Справка: Первое театральное образование Александр Доронин получил в Саратове. В 1997 году поступил в ГИТИС на курс Алексея Бородина. После окончания был принят в труппу РАМТа. Играет в спектаклях «Стеклянный зверинец» (Том), «Принц и Нищий» (Том Кенти), «Ничья длиться мгновение» (Касриэл Липман), «Берег утопии» (Николай Станкевич, Николай Чернышевский), «Чехов-GALA» (Ломов), «Rocknroll» (Милан), «Приглашение на казнь» (Шурин-остряк), «Эраст Фандорин» (Ахтырцев). В 2008 году дебютировал в качестве режиссера, поставив «Платонов. III акт» по пьесе «Безотцовщина» Антона Чехова. В 2012-м выпустил спектакль «Шатов. Кириллов. Петр» по роману Федора Достоевского «Бесы». Снимается в сериалах, кино.

У Вас два образования и оба актерские. К решению стать артистом Вы пришли осознанно?

– Все происходило постепенно: от хорошей музыки, от воспитания, от того, что меня окружало в детстве. Саратов, где я родился, вообще театральный город. У нас была построена вторая в России консерватория. Какая-то прививка в семье произошла, хотя мои родители не имеют отношения к творческим профессиям – они технические интеллигенты. Но у нас в доме всегда пели, слушали хорошую музыку. Родители ходили в консерваторию, филармонию, Саратовский ТЮЗ имени Киселева и всегда брали меня с собой.

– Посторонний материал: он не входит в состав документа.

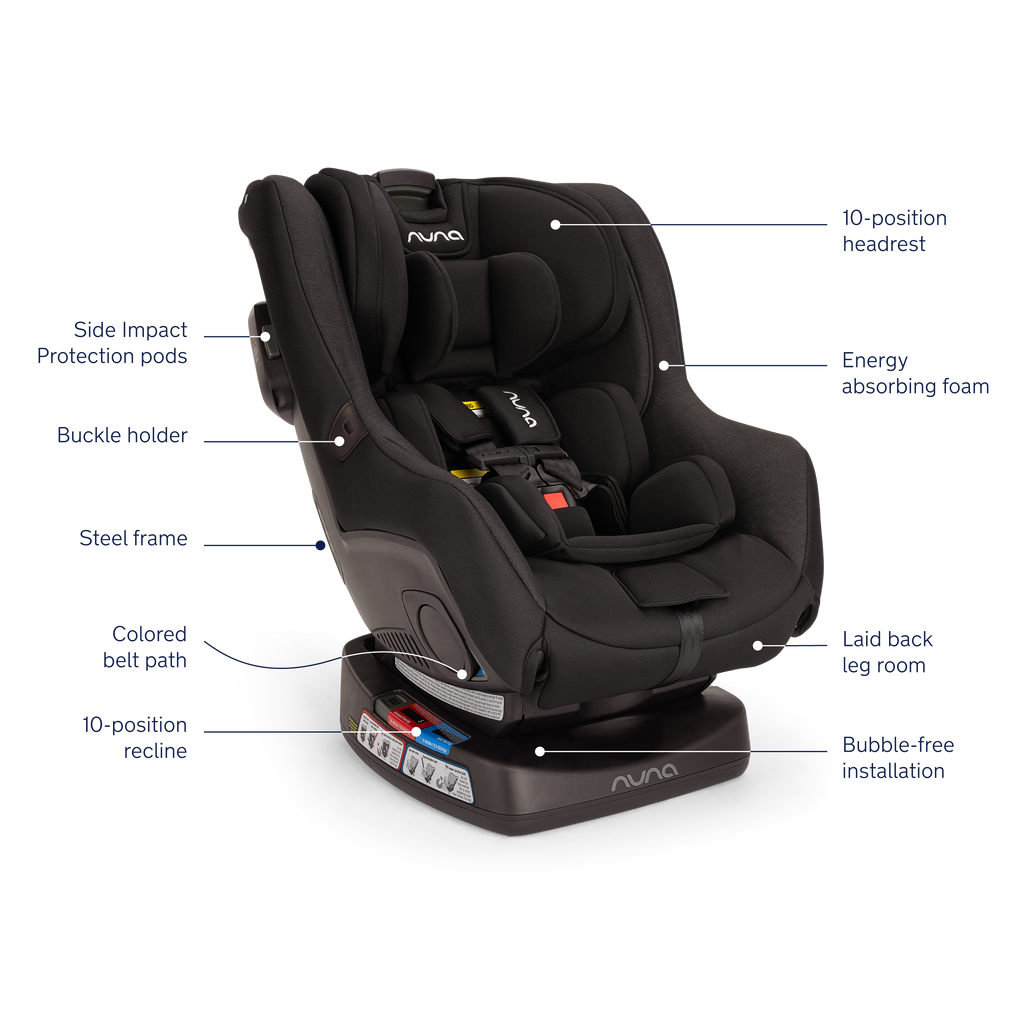 Nuna - Rava Flame Retardant Free Convertible Car Seat - Caviar-Convertible Car Seats-Posh Baby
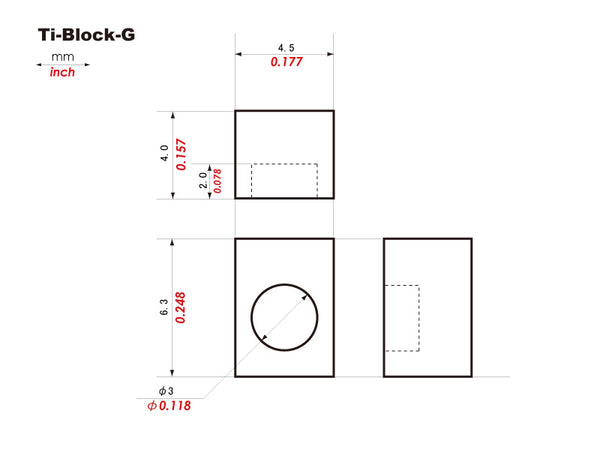 Ti-Block-G / Insert Block for Gotoh® GE1996T Tremolo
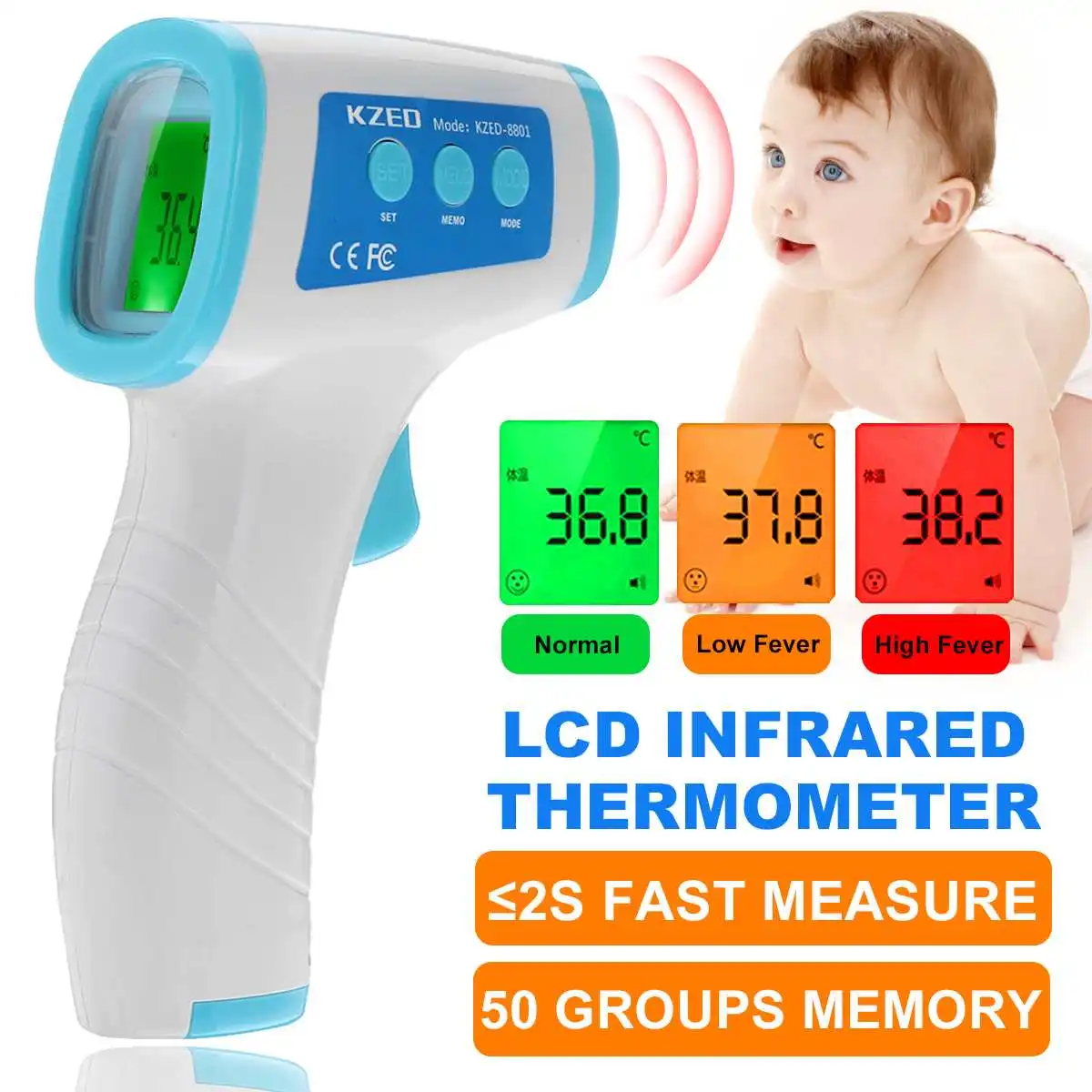 Adult Baby Forehead Thermometer IR Non-Contact Infrared Thermometer Digital Body Temperature Fever Measure Tool In Stock
Adult Baby Forehead Thermometer IR Non-Contact Infrared Thermometer Digital Body Temperature Fever Measure Tool In Stock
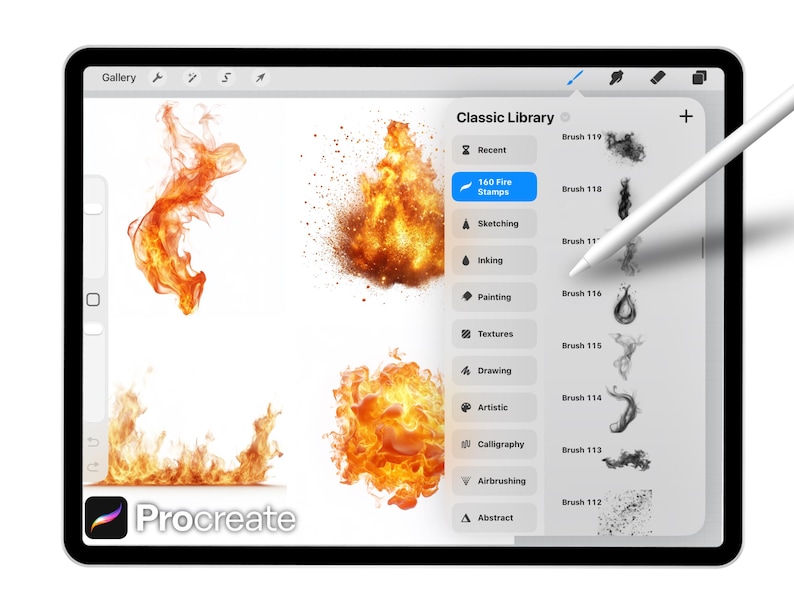 Procreate Fire Stamps, Realistic Texture Brush Set, Flame, Spark, Smoke ...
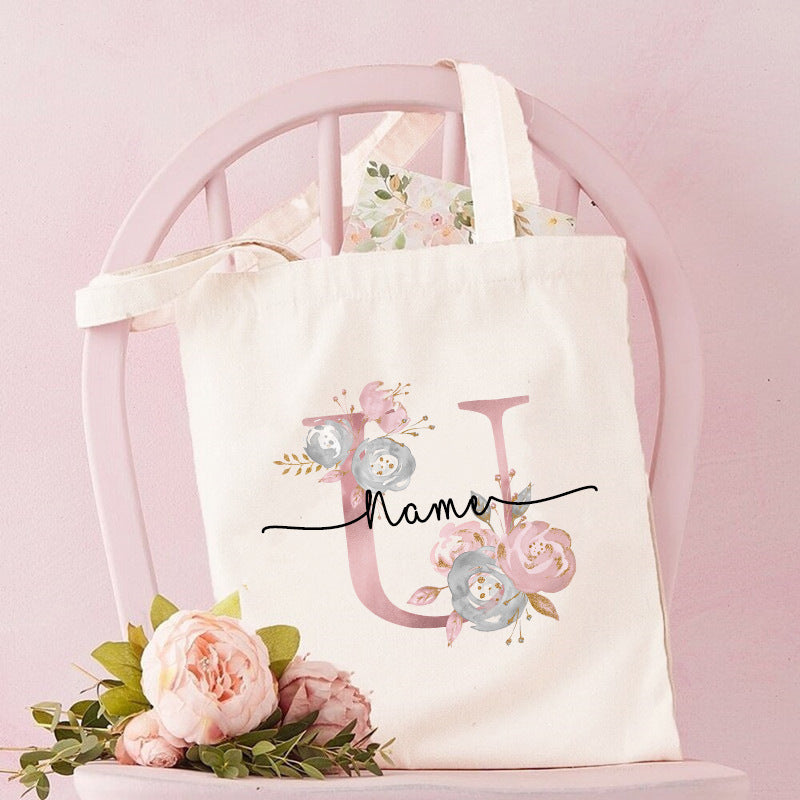 Monogrammed Canvas Bag Women's Letter Print Tote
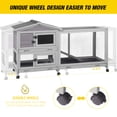 thumbnail image 6 of AIVITUVIN Outdoor Rabbit Hutch Indoor Bunny on Wheels Large Guinea Pig Cage with Run for Any Small Animals,Removable Pull Out Tray, 6 of 7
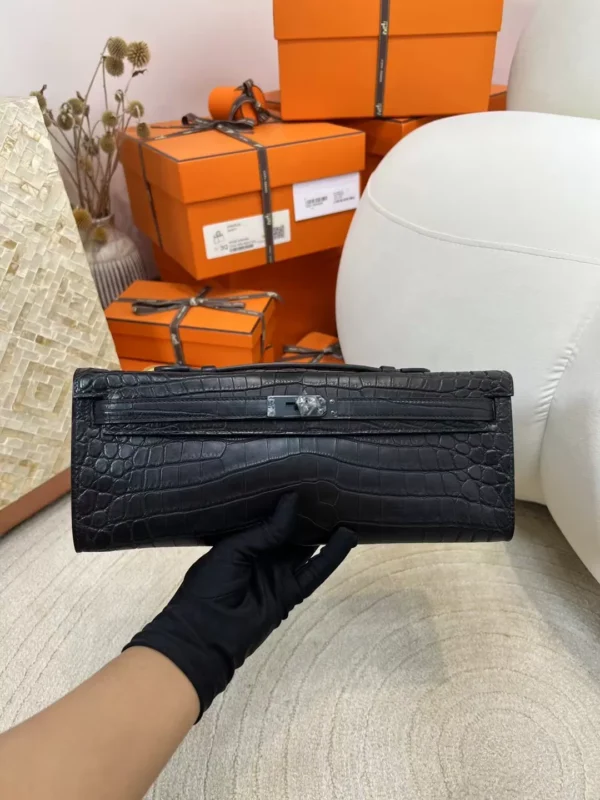 mmexport1712557448847-jpg-1 Hermes Kelly Cut So Black 31CM 89 Noir Matte Niloticus Crocodile Black Hardware
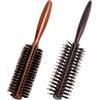 BOGEEL 6 tipi di pettine per capelli lisci in twill, setole di cinghiale naturali, spazzola rotonda per soffiare, arricciare, parrucchiere, setola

Вы можете вспомнить свою первую роль?

– Если говорить о Саратове, то сразу вспоминается работа в спектакле «Рождество в доме Купьелло» по Эдуардо де Филиппо, где я играл Нинилло. Его ставил актер Саратовского ТЮЗа Сергей Пускепалис. Тогда мы с ним очень близко познакомились и сработались. Потом, уже в ГИТИСе, я участвовал в прекрасных спектаклях: «День отдыха», который ставила Елена Михайловна Долгина, «Таланты и поклонники» Алексея Анатольевича Блохина, в дипломном спектакле 4 курса мастерской Петра Наумовича Фоменко «Мещане» в постановке Николая Дручека.

Почему Вы решили еще раз пойти учиться? Вам не хватило образования?

– Не хватило, я был самый маленький на курсе в Саратове и какие-то вещи не понимал. А в ГИТИСе более взросло и осознанно проходил обучение. Я понял, что надо пробовать что-то новое. И это новое мне дала мастерская Алексея Владимировича Бородина. Я все предметы проходил вместе со всеми, ни разу не принес на экзамен старую зачетку, вновь перечитывал программу по русскому и зарубежному театру.

Как происходил Ваш переход со студенческой сцены на профессиональную?

– По воле случая, которому я благодарен. Это был дипломный спектакль предыдущего курса Бородина «Дневник Анны Франк», который я видел еще первокурсником и в который вдруг попал сам, когда его, спустя три года, переносили на сцену театра. Я увидел, как он выстраивается, рождается вновь. Как те, кто в нем играл раньше, по-новому проходят какие-то пути к своим ролям, обращаясь к этому материалу уже как профессиональные актеры. И если до третьего курса я был в атмосфере студенчества, ученичества, этюдов, лабораторий, то теперь это была совершенно другая ситуация, уже более взрослая, на ступень выше. И Алексея Владимировича я по-другому увидел.

Мне кажется, что эта пьеса, которая была Вам дана в начале актерского пути, задала планку отношения не только к профессии, но и к материалу.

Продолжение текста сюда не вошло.